L'Éducation nationale laisse sortir chaque année depuis
longtemps environ 10 % d'une classe d'âge sans qualification. Les
entreprises, de leur côté, se sont séparées
de nombreux salariés sans qualification auxquels elles n'avaient
fourni aucune formation.
Les Régions demandent clairement une extension
de leurs compétences à l'ensemble des demandeurs d'emploi,
quel que soit leur âge, pour mener une politique cohérente
et efficace de formation à l'écoute des besoins des entreprises.

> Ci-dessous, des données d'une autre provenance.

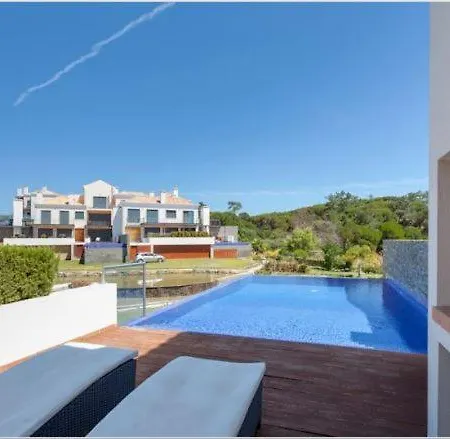 Sleeps 6 Pool Air Con T480406 *
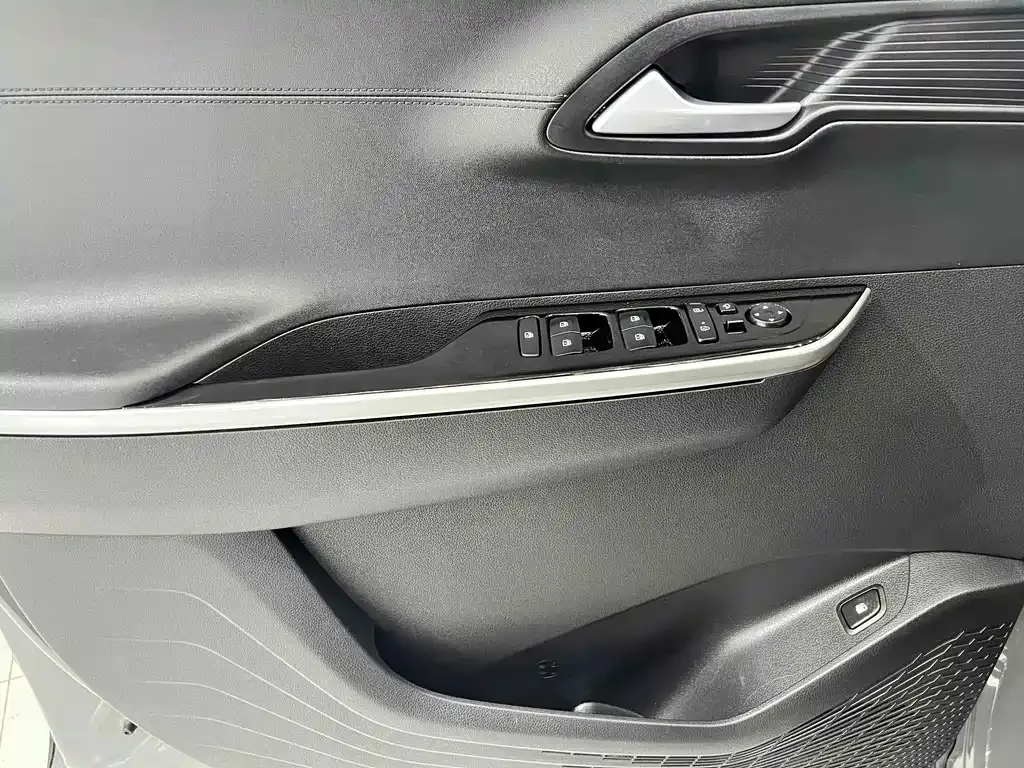 Hyundai Custo — фото 9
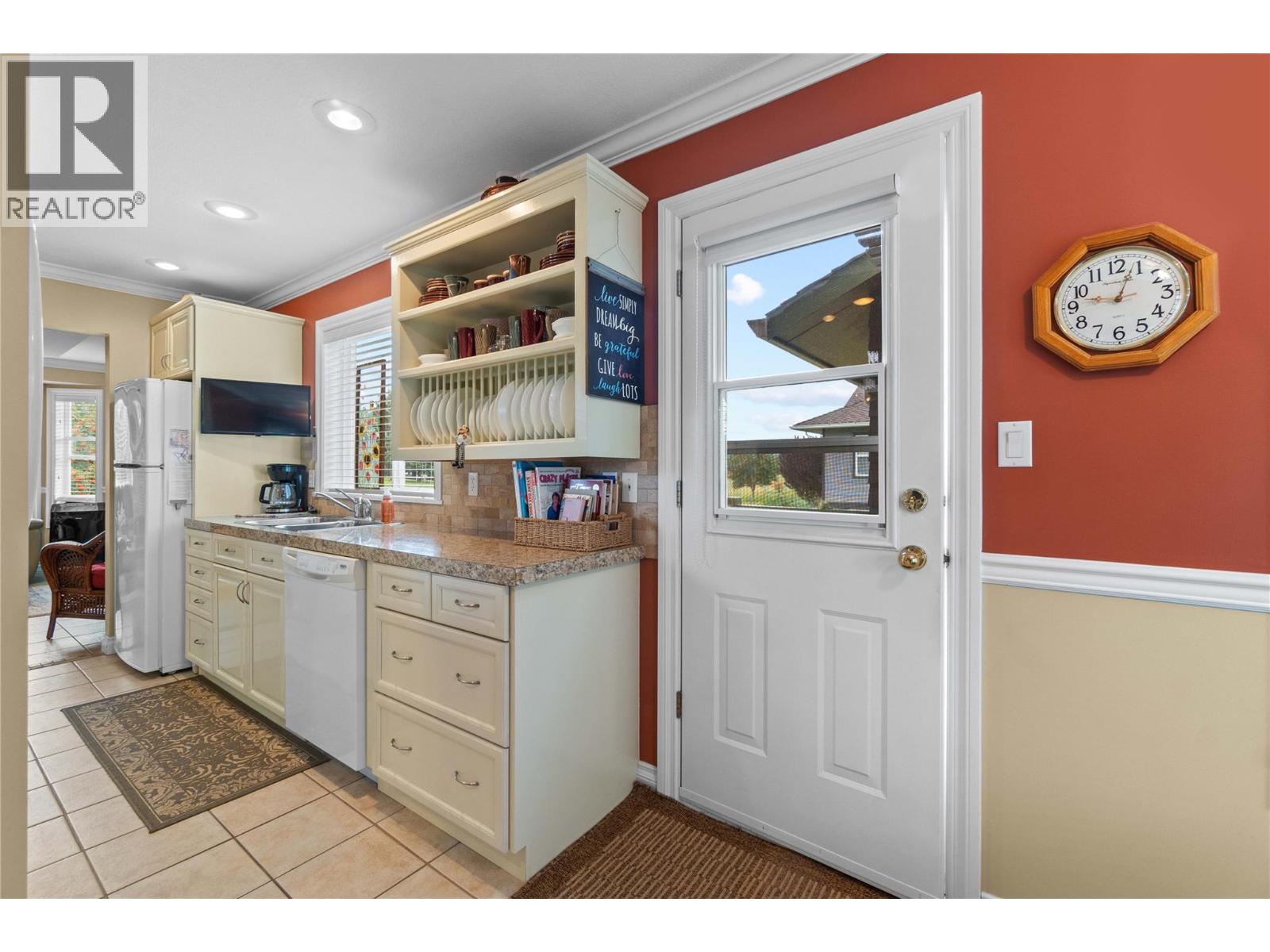 2552 Golf View Crescent, Blind Bay, British Columbia  V0E 1H2 - Photo 6 - 10358769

L'Afpa décentralisée serait un outil complémentaire
efficace pour mener à bien cette délicate mission. C'est
d'autant plus nécessaire qu'à partir de 2006 apparaîtra
un double phénomène de ciseau, avec le départ à
la retraite des « papy boomers » et l'arrivée sur le
marché du travail de jeunes de moins en moins nombreux. Chaque
Région aura donc besoin de toutes ses forces vives.
Une décentralisation à achever
La Champagne-Ardenne s'y prépare en ayant créé
une école régionale de la deuxième chance, qui, cas
unique, couvre l'ensemble du territoire régional avec ses quatre
antennes départementales. C'est un processus individualisé
d'insertion sociale et professionnelle dans la durée (2 à
3 ans) avec une alternance très forte en entreprise.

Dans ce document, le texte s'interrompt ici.